例えばトヨタの「Kaizen」(改善)という言葉も経営を学ぶ欧米人の間ではふつうに使われている言葉ですが、「Asoh Defense」、麻生式防御とでも言いましょうか。これが欧米では教育に使われている言葉として定着しているとは驚きです。

ちなみに、Wikipediaで日本航空サンフランシスコ着水事故を調べると日本語版では「Asoh Defense」は出てきませんが、英語版ではきちんと書かれています。
日本人がしでかしたことなのに、アメリカでは有名で日本では誰も知らないということのようです。

Japan Airlines Flight 2
▲英語版Wikipedia

実はこの引用した英語の文章には前段があって、この話は2013年に同じサンフランシスコで着陸に失敗して炎上した韓国のアシアナ航空の操縦士が麻生機長と同じ1万時間の飛行経験を持つベテランだったというお話です。

でも、アシアナ航空の操縦士はベテランだと主張して最初は非を認めなかったようで、あとになって確かに飛行時間は1万時間だけど、事故を起こしたB777は40時間しか経験していなかったということがバレてしまったのです。

原文は Asoh Defense and JAL 2 Water Landing SFO をご覧ください。

そういえば韓国人も中国人も自分からはまず謝らない。
謝罪しない民族としてはおそらく世界的に有名でしょう。

欧米人はそういうことがよくわかっているようですから、日本人の謙虚さを大切に思って味方してくれているのかもしれません。

もっとも、この麻生機長は当時最新式だったILSと呼ばれる着陸誘導装置の使い方がわからずに進入経路に乗ることができず、霧の中高度を失って滑走路のはるか手前に着水してしまったのですから、いくら潔いとはいえ褒められたものではありません。
事故後、副操縦士に降格され再訓練となったようですが、それでも最終的にはDC-8からB747ジャンボジェットへ移行して機長として定年まで飛び続けたとのことです。

この事故機のDC-8も損傷がほとんどなかったということで、機体が引き上げられて再整備が行われ、なんだかんだで1980年代まで最後はアフリカの航空会社で飛び続けたということですから、不思議な運命ですね。

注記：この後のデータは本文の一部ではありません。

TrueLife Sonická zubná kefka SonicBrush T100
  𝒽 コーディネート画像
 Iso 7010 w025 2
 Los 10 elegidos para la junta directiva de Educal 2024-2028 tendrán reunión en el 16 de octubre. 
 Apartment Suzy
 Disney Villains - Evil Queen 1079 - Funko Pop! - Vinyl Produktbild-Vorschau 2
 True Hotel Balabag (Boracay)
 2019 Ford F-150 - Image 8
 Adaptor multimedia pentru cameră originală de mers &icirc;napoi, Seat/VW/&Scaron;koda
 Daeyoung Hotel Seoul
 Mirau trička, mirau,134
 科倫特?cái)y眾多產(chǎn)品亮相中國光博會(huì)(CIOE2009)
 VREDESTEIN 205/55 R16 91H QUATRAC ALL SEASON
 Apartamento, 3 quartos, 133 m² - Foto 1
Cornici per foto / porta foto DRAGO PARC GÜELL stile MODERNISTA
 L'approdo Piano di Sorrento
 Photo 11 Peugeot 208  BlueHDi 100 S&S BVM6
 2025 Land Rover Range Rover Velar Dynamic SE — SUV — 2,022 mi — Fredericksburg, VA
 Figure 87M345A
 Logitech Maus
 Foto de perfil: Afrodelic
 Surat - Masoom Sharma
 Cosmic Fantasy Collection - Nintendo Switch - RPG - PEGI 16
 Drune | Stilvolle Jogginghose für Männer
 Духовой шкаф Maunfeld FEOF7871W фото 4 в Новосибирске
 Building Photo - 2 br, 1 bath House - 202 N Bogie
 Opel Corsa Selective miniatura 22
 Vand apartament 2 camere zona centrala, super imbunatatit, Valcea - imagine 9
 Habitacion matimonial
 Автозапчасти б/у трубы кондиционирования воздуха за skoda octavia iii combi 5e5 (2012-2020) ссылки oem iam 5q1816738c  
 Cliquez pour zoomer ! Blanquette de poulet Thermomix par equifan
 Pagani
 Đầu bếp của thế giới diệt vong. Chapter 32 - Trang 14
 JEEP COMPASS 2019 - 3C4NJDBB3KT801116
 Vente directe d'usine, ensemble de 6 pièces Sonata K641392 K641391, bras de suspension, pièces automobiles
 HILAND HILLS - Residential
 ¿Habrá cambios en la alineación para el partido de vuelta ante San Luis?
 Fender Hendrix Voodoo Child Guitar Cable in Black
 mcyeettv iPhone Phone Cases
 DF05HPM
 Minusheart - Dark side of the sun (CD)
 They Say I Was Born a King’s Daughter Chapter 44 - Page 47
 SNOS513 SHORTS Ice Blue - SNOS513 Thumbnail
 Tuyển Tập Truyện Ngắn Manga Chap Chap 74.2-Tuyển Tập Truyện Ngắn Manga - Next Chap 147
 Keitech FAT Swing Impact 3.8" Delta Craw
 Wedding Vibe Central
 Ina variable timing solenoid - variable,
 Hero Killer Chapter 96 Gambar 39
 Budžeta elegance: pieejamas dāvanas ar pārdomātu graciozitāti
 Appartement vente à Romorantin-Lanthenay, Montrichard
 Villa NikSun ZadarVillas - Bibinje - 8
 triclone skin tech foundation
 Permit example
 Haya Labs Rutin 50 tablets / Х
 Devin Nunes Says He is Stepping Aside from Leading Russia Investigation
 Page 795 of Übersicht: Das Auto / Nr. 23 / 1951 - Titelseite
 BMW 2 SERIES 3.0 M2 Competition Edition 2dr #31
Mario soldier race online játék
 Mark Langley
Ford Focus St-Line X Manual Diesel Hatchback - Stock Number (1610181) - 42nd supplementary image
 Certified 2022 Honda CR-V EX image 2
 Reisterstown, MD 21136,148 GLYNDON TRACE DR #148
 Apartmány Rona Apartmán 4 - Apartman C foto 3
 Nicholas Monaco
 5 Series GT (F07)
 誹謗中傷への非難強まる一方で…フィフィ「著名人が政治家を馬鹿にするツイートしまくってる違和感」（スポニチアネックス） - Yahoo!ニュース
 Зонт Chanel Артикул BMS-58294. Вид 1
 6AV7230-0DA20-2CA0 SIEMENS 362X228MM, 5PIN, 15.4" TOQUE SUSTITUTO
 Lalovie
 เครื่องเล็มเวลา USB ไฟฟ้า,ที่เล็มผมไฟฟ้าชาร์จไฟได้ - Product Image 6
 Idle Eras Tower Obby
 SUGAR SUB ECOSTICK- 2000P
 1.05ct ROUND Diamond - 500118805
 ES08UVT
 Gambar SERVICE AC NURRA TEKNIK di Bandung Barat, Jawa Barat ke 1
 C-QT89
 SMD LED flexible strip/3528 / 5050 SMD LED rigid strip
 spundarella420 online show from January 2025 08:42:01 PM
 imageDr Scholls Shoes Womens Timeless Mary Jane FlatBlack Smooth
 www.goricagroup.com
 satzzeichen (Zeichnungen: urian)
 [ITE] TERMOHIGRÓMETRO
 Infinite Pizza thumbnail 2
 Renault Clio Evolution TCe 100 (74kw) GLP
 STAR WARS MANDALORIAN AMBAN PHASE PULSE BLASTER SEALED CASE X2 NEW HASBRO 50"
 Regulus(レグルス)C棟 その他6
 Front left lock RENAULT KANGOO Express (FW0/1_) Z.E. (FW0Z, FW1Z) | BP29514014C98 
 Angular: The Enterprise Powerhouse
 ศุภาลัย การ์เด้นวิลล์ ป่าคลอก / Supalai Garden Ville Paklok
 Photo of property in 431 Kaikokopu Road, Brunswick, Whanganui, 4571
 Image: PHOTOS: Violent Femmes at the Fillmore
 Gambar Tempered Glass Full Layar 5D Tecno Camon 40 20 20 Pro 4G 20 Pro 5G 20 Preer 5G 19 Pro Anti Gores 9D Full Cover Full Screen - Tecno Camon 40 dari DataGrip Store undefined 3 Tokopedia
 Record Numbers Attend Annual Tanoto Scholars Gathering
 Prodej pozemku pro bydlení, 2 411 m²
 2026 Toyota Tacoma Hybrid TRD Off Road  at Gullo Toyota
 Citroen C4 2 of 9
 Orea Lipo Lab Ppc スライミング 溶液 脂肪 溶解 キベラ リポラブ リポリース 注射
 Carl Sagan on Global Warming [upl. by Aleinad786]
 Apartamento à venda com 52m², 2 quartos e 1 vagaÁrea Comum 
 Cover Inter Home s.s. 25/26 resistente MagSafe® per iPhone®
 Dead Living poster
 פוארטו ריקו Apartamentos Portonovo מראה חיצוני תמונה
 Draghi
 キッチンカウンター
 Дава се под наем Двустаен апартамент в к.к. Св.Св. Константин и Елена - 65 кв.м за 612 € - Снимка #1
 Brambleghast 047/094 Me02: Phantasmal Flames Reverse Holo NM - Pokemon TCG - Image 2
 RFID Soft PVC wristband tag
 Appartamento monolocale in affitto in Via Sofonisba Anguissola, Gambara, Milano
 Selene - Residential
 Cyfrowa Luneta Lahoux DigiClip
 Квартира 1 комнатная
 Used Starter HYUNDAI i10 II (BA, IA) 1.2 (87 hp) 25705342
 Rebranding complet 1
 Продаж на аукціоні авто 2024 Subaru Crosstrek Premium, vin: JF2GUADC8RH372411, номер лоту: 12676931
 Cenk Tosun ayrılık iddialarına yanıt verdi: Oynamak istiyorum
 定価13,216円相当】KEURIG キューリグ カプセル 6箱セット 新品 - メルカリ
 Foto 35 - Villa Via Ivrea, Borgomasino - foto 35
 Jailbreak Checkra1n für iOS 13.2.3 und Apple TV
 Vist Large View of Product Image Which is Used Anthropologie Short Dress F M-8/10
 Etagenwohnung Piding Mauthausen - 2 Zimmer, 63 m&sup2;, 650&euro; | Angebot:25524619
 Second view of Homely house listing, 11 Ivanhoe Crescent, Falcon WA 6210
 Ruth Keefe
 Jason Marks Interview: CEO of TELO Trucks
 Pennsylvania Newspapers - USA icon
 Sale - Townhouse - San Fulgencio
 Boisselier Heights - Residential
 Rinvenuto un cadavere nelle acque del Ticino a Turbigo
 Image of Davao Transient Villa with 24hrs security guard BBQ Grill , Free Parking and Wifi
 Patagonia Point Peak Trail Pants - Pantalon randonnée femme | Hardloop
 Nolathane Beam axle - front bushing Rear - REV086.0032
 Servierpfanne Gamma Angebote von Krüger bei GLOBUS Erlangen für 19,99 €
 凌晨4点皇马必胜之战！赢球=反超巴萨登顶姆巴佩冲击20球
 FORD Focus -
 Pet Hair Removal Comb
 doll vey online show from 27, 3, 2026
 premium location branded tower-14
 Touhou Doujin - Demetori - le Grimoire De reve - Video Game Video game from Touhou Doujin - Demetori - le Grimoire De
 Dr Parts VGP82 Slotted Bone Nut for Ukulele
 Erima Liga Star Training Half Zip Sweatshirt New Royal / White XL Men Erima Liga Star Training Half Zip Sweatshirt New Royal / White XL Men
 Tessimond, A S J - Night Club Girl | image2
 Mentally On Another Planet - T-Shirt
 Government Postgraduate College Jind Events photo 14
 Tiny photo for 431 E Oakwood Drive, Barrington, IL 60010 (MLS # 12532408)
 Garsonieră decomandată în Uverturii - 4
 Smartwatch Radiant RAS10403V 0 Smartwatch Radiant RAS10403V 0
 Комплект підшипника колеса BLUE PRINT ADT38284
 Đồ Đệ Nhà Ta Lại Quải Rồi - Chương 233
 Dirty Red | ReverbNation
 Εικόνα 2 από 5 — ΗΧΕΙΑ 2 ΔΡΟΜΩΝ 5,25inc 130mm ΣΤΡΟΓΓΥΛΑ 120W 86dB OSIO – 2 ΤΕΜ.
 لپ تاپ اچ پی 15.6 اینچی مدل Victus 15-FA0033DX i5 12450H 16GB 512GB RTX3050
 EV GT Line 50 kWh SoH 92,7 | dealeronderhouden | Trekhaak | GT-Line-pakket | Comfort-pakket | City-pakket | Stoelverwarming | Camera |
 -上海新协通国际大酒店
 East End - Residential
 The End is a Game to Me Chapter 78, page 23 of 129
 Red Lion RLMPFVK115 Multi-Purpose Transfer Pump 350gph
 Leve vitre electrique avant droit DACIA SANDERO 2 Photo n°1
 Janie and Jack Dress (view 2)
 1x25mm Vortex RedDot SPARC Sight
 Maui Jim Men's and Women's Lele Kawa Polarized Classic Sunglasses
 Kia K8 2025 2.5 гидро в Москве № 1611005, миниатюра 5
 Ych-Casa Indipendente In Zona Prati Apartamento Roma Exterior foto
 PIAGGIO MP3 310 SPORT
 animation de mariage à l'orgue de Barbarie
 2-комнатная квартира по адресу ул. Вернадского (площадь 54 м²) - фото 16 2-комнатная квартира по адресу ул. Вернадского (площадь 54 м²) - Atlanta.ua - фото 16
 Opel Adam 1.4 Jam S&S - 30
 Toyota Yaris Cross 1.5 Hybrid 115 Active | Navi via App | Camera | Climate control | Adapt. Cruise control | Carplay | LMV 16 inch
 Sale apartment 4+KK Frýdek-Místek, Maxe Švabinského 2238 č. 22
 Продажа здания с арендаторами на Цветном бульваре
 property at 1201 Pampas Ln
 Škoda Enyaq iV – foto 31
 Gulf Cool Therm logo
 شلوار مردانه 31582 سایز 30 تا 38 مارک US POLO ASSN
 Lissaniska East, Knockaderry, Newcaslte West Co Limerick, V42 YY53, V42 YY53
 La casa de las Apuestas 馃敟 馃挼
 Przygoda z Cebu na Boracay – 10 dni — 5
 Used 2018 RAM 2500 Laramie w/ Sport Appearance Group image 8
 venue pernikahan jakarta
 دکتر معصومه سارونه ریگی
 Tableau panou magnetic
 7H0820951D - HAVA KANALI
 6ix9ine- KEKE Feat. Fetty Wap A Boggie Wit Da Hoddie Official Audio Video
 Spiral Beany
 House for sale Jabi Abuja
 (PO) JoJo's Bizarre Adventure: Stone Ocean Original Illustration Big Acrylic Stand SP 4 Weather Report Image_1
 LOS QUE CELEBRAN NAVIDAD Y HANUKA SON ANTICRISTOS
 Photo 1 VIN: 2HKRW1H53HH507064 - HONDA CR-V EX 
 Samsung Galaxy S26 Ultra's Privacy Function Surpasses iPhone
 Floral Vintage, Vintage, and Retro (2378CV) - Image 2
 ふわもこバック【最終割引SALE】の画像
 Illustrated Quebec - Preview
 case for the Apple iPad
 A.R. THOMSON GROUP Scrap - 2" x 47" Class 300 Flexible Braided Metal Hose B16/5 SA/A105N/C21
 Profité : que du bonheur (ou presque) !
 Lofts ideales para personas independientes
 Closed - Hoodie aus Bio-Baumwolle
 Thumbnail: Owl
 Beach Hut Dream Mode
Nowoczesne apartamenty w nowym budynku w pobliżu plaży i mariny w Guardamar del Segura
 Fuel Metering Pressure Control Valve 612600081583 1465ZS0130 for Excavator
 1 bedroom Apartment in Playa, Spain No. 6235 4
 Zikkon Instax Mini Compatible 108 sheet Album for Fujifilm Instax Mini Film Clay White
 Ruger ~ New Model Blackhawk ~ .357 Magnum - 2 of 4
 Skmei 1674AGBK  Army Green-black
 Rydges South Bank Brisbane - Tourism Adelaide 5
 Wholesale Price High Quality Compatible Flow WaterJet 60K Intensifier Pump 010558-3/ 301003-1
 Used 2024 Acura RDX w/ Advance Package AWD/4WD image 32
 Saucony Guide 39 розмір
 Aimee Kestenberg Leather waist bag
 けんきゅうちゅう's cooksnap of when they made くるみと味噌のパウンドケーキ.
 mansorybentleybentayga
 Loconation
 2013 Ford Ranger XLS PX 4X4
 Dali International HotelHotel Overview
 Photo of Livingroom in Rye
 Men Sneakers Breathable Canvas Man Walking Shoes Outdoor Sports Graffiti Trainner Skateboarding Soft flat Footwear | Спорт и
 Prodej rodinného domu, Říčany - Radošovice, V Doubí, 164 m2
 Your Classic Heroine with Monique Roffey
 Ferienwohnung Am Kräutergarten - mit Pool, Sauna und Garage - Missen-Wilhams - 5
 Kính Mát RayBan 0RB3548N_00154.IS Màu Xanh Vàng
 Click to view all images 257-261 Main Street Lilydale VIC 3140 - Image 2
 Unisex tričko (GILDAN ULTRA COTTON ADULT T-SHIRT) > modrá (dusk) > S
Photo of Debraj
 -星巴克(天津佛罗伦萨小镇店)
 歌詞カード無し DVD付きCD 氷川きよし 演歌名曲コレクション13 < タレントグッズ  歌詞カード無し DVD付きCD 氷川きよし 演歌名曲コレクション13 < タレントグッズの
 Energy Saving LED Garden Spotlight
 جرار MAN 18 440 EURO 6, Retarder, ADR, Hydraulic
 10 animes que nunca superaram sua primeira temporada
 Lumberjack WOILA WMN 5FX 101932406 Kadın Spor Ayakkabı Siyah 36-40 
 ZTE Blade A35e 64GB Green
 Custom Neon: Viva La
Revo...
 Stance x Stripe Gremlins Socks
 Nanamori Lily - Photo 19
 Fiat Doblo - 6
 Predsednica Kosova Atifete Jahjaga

さて、今回座礁したコンテナ船を所有する日本の会社はこれからどう評価されていくのか、野次馬根性ですが気になるところです。

私?
え~と、カミさんに知られたくないことがバレたときには、瞬間的に「ごめんなさい。」する防御能力は持ち合わせているつもりですが、その能力を試すようなことはしないことにしております。